Brazilian President Dilma Rousseff tried to make it look like business as usual on Friday with a visit to the Rio Olympics site, but time is running out for the Brazilian president ahead of an impeachment vote.
The trip to Rio de Janeiro, where she inaugurated the Olympic swimming center, was a bittersweet occasion for a president who no longer knows if she will even be in power when the Olympics begin on Aug. 5.
The Olympics, the first staged in South America, were awarded back in 2009 when Brazil was an emerging markets high flier and then-Brazilian president Luiz Inacio Lula da Silva was one of the most popular presidents in the world.
Now, Rousseff finds herself fighting for her political life ahead of an impeachment vote in the Brazilian Congress while Lula faces corruption charges.
She canceled a trip to Greece to see the lighting of the Olympic flame on April 21, Greek officials said on Friday.

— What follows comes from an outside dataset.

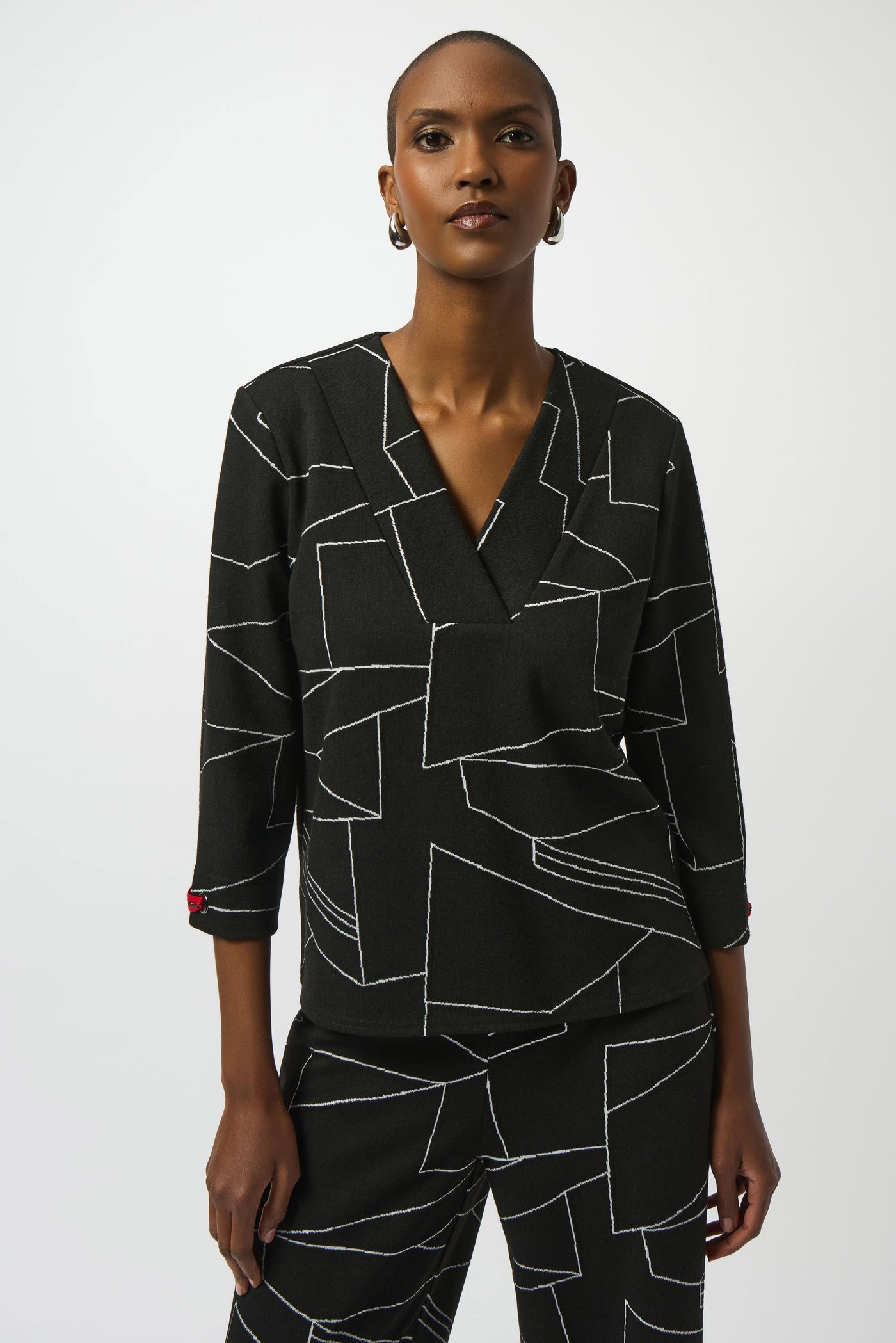 Jacquard knit abstract print boxy top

Rousseff stood at the side of the sparkling Olympic pool, calling for “dialogue” and saying that Rio’s staging of the Olympics showed what Brazil could do when it was united.

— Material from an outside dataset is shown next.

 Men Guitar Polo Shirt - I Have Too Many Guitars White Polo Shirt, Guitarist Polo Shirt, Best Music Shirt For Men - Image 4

“This is a special moment, a symbol and an example of Brazil of what it is possible to do when good people unite for the good of the Brazilian people,” she said.
Afterward, she opened a new public housing project, part of the signature My House, My Life program, a centerpiece of her Workers’ Party attempt to tackle massive inequality and poverty in Brazil.
The crowd cheered and chanted as a beaming Rousseff shook hands with well-wishers — a rare sight for a deeply unpopular president who often appears to lack the common touch.
Rousseff was due to return to a grimmer reality by the end of the day in the capital Brasilia, where a congressional commission is preparing to vote tomorrow on whether to recommend her removal from office.
A week later comes a vote by the lower house of Congress, where a two-thirds majority would send Rousseff to a full impeachment trial in the Brazilian Senate.
Rousseff is accused of breaking the law by juggling government accounts to disguise the depth of budget shortfalls during her 2014 re-election.
She argues that this relatively technical accusation does not amount to an impeachable offense.
However, momentum for her removal is being fueled by a massive recession, political paralysis and a sprawling corruption scandal that together have reduced the approval rating of Rousseff’s administration to about 10 percent.
Rousseff, who calls the impeachment a coup attempt, still hopes to engineer a Houdini-like escape from her predicament.
Latest counts indicated that the result in the lower house is on a knife-edge.
The Datafolha polling organization said that 60 percent of deputies are pro-impeachment, representing the equivalent of 308 out of the 513, when a total of 342 are needed to pass the measure — or 172 to defeat it.
According to the poll, 18 percent of deputies are still undecided, meaning they hold the crucial votes.
O Estadao newspaper’s estimate, based on individual head counts, showed 284 in favor and 114 against, with 63 saying they were undecided and 52 not answering.
As Brazilians look for ways out of the crisis, one theory gaining support is that the trauma of impeachment could be avoided through snap elections to replace the president and the entire Congress.
Rousseff has indicated that she might support the idea, which would require a constitutional amendment.
Lula, who founded the Workers’ Party and retains huge influence on the left, is coordinating the intense behind-the-scenes haggling to secure those votes.
However, the veteran wheeler and dealer faces his own potential downfall.
He is accused of money laundering in a case linked to a gargantuan embezzlement and bribery scheme at state oil company Petrobras which has already seen dozens of high-ranking politicians and executives snared by prosecutors.
Lula says the case is a politicized fabrication, but now he and Rousseff are also both in trouble for allegedly trying to obstruct prosecutors.